▶ _What the exercise asks_
Copy exactly, no pictures: every line from the one that contains "Hello and welcome" through the end of the entries below.

▶ _Recorded data_
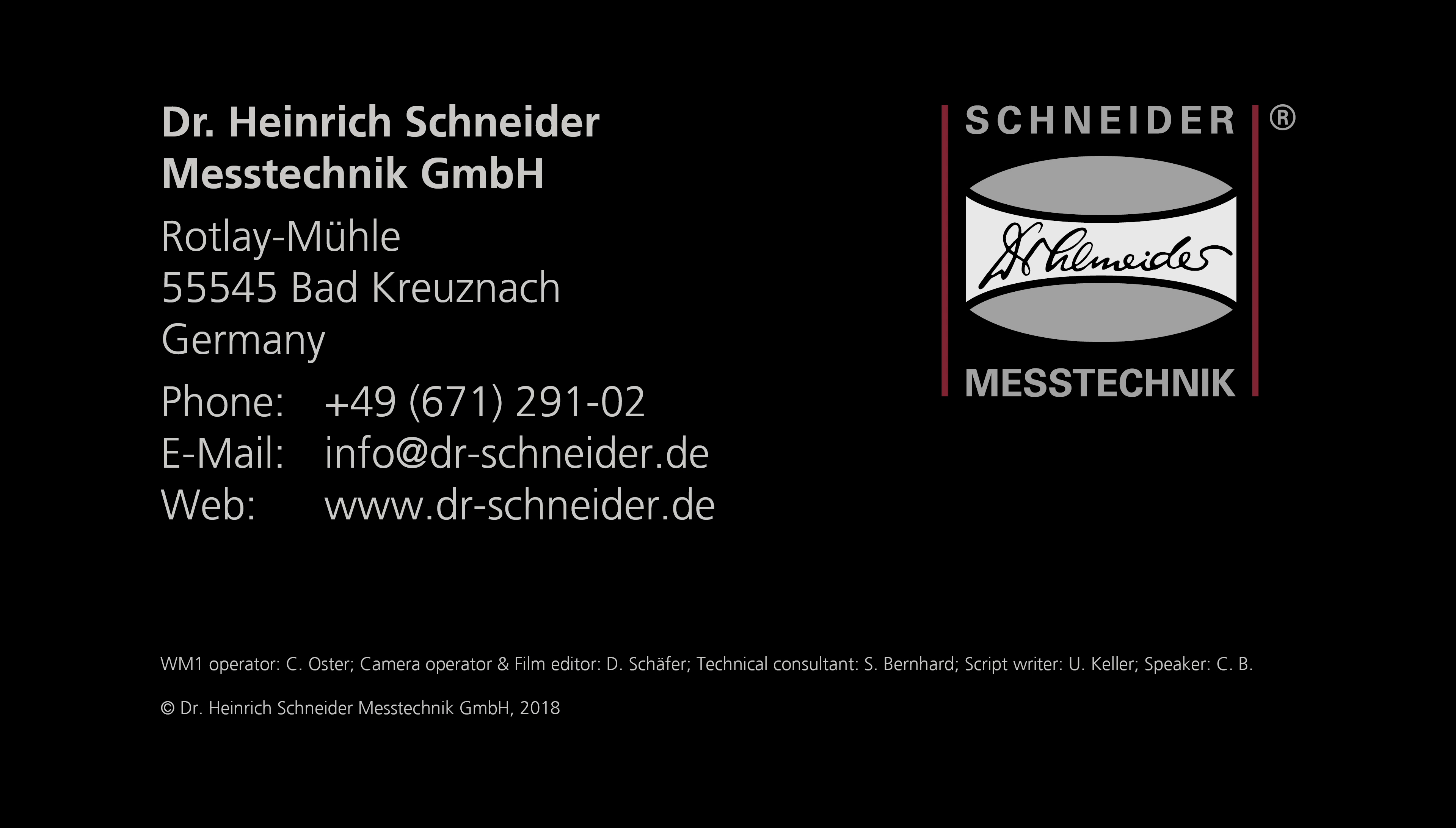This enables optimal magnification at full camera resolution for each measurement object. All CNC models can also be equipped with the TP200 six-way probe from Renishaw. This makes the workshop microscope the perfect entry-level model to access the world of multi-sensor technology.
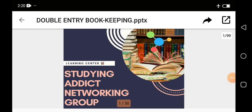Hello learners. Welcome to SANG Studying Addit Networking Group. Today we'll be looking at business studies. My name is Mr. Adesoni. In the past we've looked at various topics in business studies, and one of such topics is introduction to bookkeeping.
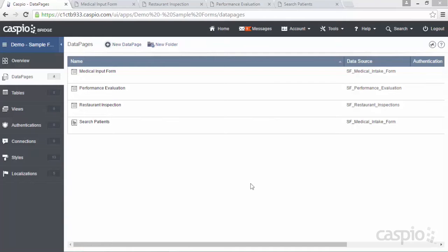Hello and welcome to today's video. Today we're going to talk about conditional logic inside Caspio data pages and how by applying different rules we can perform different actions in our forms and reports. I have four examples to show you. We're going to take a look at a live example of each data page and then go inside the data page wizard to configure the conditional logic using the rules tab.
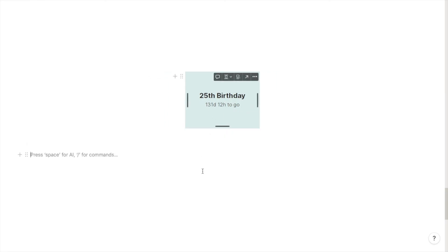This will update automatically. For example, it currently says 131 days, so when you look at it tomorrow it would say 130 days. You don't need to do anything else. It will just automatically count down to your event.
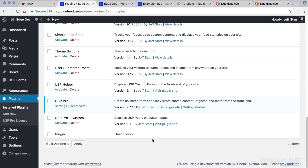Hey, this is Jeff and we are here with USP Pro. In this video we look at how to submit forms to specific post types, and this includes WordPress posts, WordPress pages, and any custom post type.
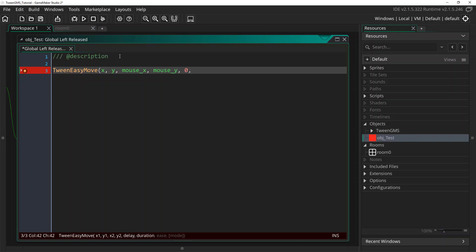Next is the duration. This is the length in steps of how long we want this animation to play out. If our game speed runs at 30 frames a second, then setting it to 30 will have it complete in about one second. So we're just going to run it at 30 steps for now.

▶ _Solution below_
Hello and welcome to today's video. Today we're going to talk about conditional logic inside Caspio data pages and how by applying different rules we can perform different actions in our forms and reports. I have four examples to show you. We're going to take a look at a live example of each data page and then go inside the data page wizard to configure the conditional logic using the rules tab.
This will update automatically. For example, it currently says 131 days, so when you look at it tomorrow it would say 130 days. You don't need to do anything else. It will just automatically count down to your event.
Hey, this is Jeff and we are here with USP Pro. In this video we look at how to submit forms to specific post types, and this includes WordPress posts, WordPress pages, and any custom post type.
Next is the duration. This is the length in steps of how long we want this animation to play out. If our game speed runs at 30 frames a second, then setting it to 30 will have it complete in about one second. So we're just going to run it at 30 steps for now.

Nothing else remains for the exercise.